## AVAILABLE DATA
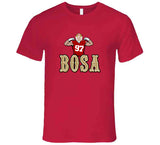 Nick Bosa Flexing Beast San Francisco Football Fan T Shirt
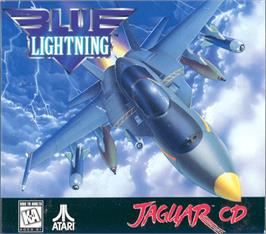Box cover for Blue Lightning on the Atari Jaguar CD.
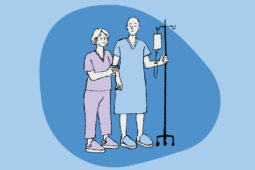 Ilustração de auxiliar de enfermagem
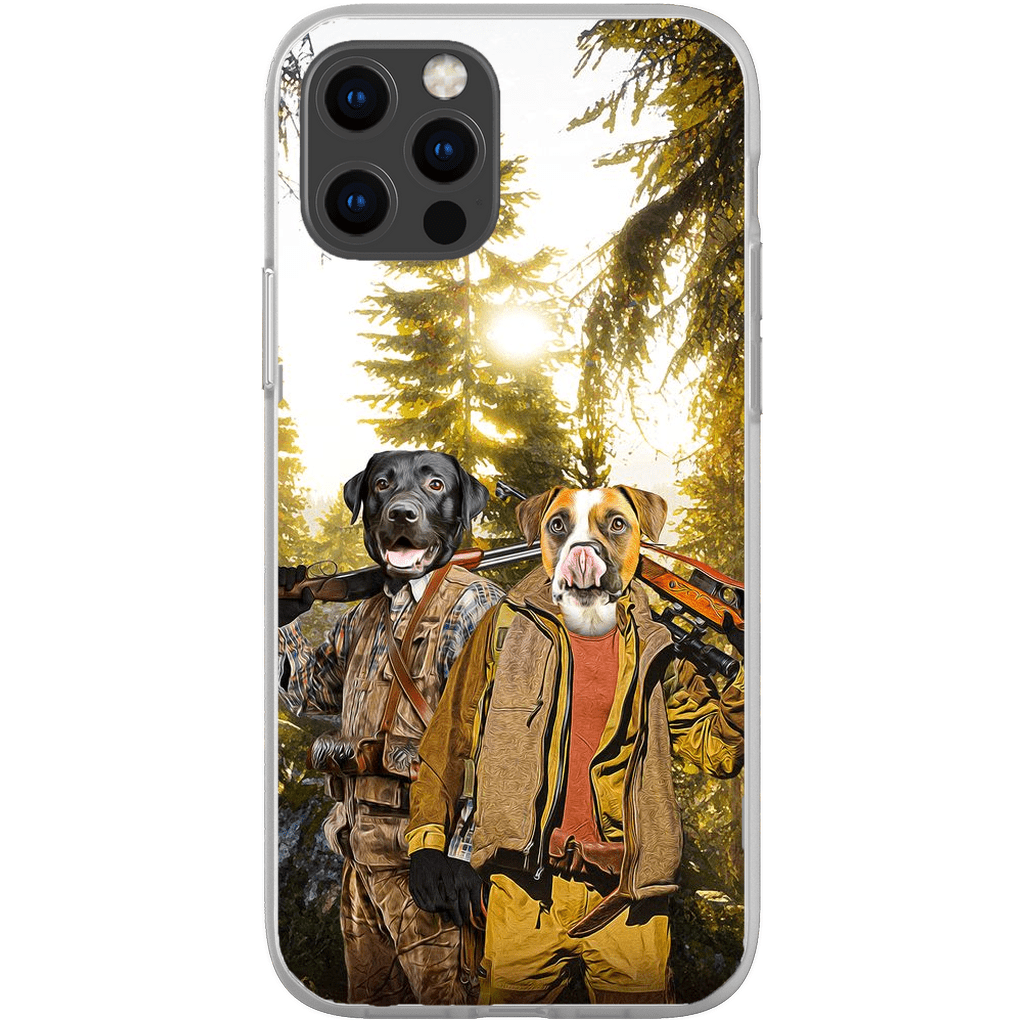 Funda personalizada para teléfono con 2 mascotas &#39;The Hunters&#39;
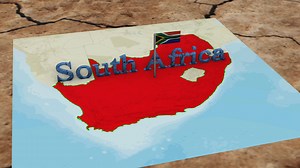 Download South Africa Map and South Africa Flag. for free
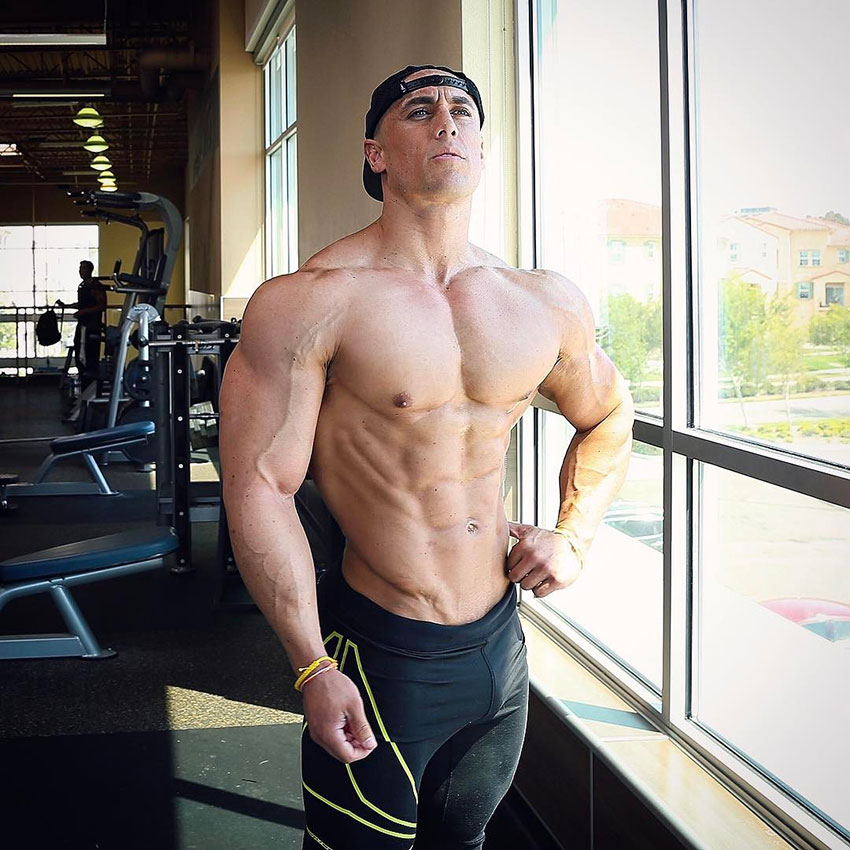 Anthony Perez posing in the gym.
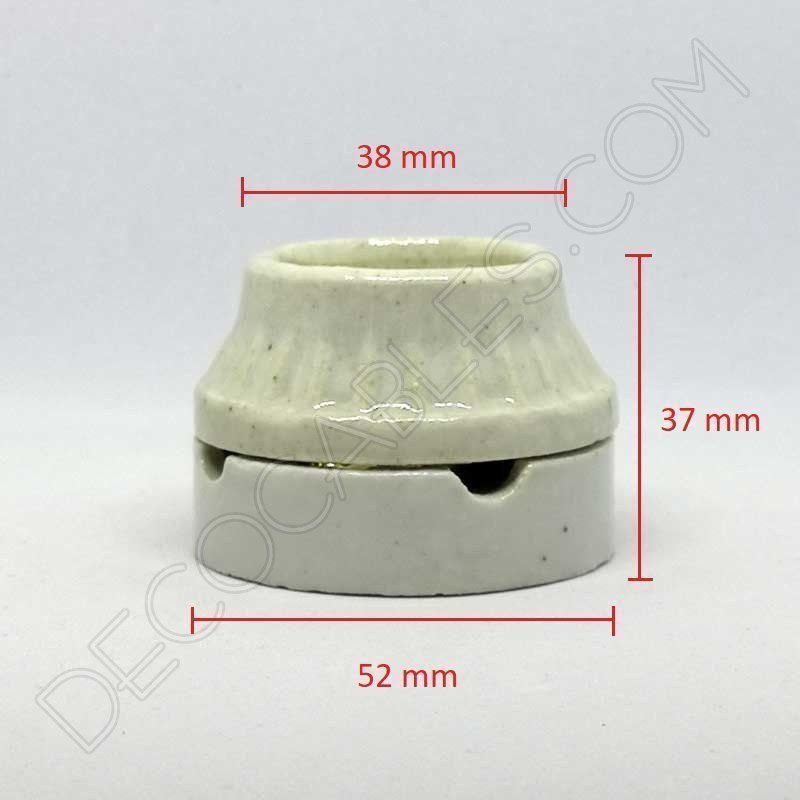 Portalámparas retro cerámico de superficie E27 blanco mate Portalámparas retro cerámico de superficie E27 blanco mate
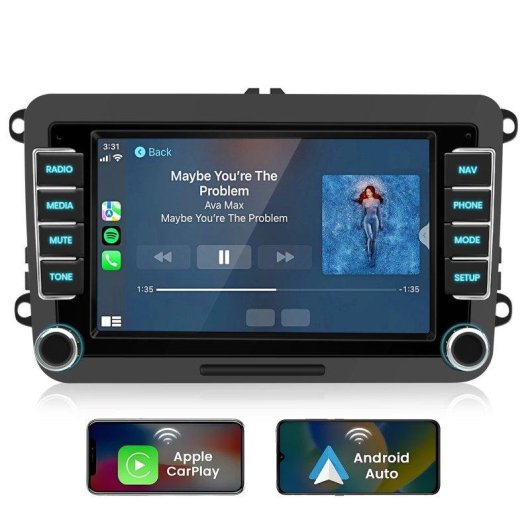 Autoradio 2 DIN JUNSUN Golf 5/6 CarPlay Android Auto GPS 64 Go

## PROBLEM REQUIREMENTS
Your task is to copy word for word the lines from the line containing "Download South Africa" to the end of the listing, both included, and to drop any pictures.

## ANSWER FOR THE TASK
 Download South Africa Map and South Africa Flag. for free
 Anthony Perez posing in the gym.
 Portalámparas retro cerámico de superficie E27 blanco mate Portalámparas retro cerámico de superficie E27 blanco mate
 Autoradio 2 DIN JUNSUN Golf 5/6 CarPlay Android Auto GPS 64 Go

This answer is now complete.